The exhibition consists of eight rooms, and the photographs are primarily portraits, organized chronologically to record Lawson’s 20-year increase in self-confidence. Photos grow in size and become more self-aware over time. The second room has seven carefully selected images. In the corner is a collection of drugstore photos. These types of arrangements are deliberately placed within the more marginalized space of the gallery and are frequently recreated throughout the exhibition. Since each image tells its own story, a network like a collage is so complex that it’s impossible to understand everything. It is the act of regaining the complexity of a black identity by looking at the popular (and oppressive?) Power of media and photography.

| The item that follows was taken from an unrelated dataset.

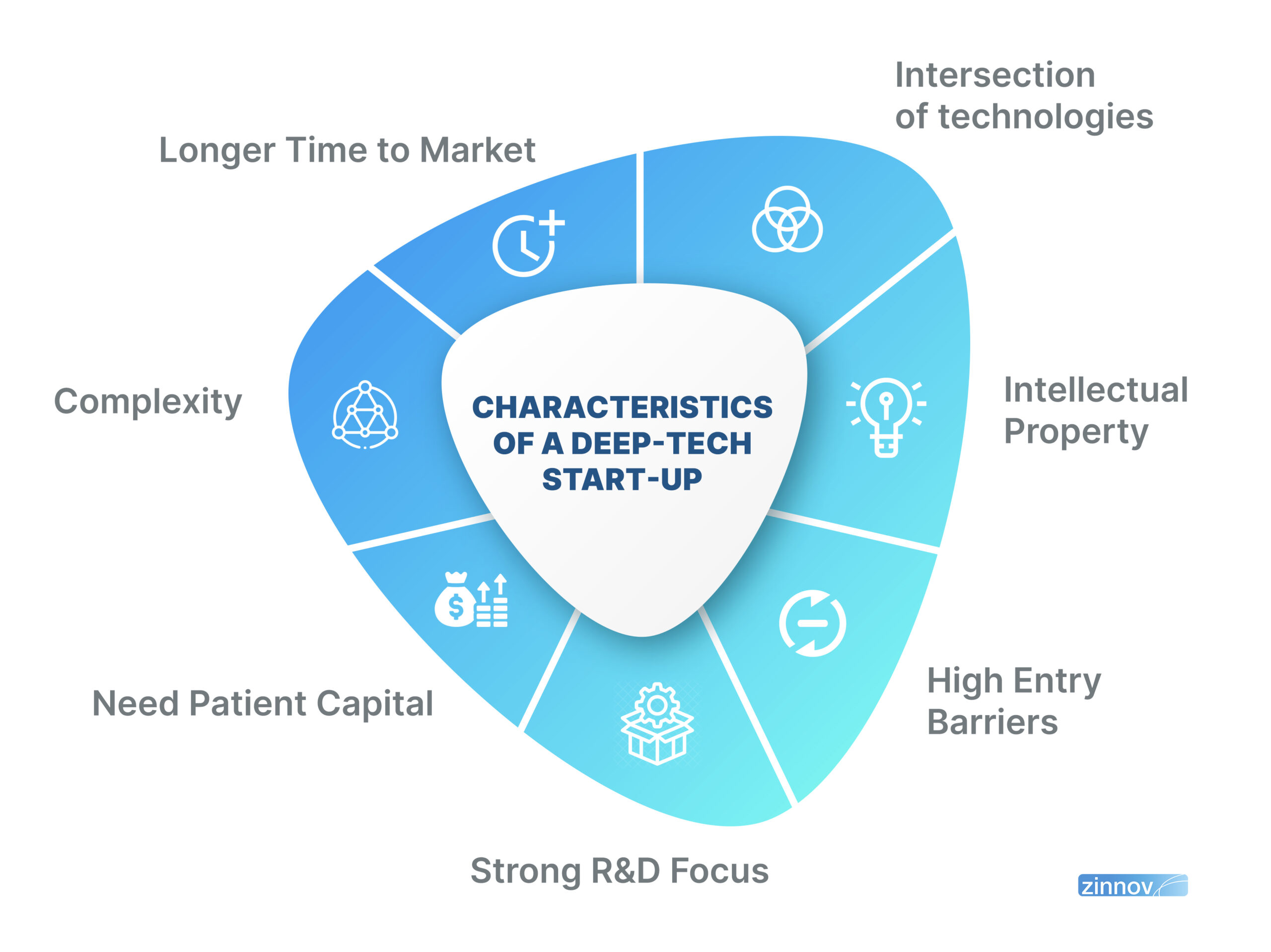 deeptech startup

The larger the Lawson photo, the more the same challenge arises. They become overwhelming, with shallow depth of field and clear attention to the details of the juxtaposed subject’s posture and facial expressions. The result is a paradox. Too much or too little information is provided to the viewer. If Lawson’s photos have windows or doors, they are hidden by drapes or curtains. The effect is to suggest that the outside world has been excluded so far. In the corners of some galleries, there are sometimes crystals placed to strategically assemble photos. These stones, which are works of art in their own right, transform the space into a frame that contains the viewer.

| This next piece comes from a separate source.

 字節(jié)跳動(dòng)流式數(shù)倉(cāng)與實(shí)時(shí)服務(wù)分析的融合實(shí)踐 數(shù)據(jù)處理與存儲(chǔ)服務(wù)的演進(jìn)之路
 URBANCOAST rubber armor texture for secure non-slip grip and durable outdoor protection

The center of the exhibition is in the 5th room. Here, one wall is adorned with a series of photographs that Lawson did not take.The work is called Mohawk Correctional Facility: Jazzmin and Family.. It consists of a collection of family portraits showing men, women and children in different poses. They are always standing on a wall of cement painted in blue and yellow. In the lower corner of the wall, there are painted vegetation, which is a primary color far from nature and a basic stroke, but probably suggests the outside world. These are pictures of Lawson’s cousin Jazzmin and her partner Eric. They were taken to the prison visit center where Eric was imprisoned. This edit is dedicated to the actual year, the actual family, and the actual space inside the prison.Irony hangs across the gallery garden. Here, a naked couple is photographed surrounded by greenery. The existence of nature makes ironic comments on photos of prison captivity. Here Lawson juxtaposes captivity, American mythology, reality and freedom.

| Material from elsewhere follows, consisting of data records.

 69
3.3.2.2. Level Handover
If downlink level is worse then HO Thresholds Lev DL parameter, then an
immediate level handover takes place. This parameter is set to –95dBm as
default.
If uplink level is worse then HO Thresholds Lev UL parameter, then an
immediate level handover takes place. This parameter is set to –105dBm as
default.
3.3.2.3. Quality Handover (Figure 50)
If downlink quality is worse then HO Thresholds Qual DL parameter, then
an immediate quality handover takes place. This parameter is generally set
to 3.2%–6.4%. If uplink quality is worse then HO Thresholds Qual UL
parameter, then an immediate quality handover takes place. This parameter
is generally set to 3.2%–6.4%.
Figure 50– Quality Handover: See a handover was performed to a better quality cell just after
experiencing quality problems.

In the last room of the exhibition, the silence of the former gallery has been replaced by the sound of music. Women in Ghana and Togore can be heard singing a cappella choral arrangements by voice from a 12-minute video loop in the last room of the exhibition. Note that as you move through the gallery, your singing voice grows louder and the size of the photos on display grows. In addition, the facial expressions and humanity of Lawson’s subjects are deeply impressed as they progress. In the sixth room, which has audio but is far away, attention was needed to certain images.title is Portal, And it’s another photo without people. A close-up of some of the beat-up sofas covered in brown leather. There are crevices in the fabric. The reference to poverty is clear, but so is Lawson’s request to, by paying attention, to imagine the potential for transformation in its jagged, empty space.
Chloe Pinjon An up-and-coming senior studying film and journalism at Boston University.She writes regularly for the features and arts section of the Boston University Independent Student Newspaper. HeightsAlso wrote in the Culture section of, and Lithium magazine.. She is currently a creative development intern at Foundation Films.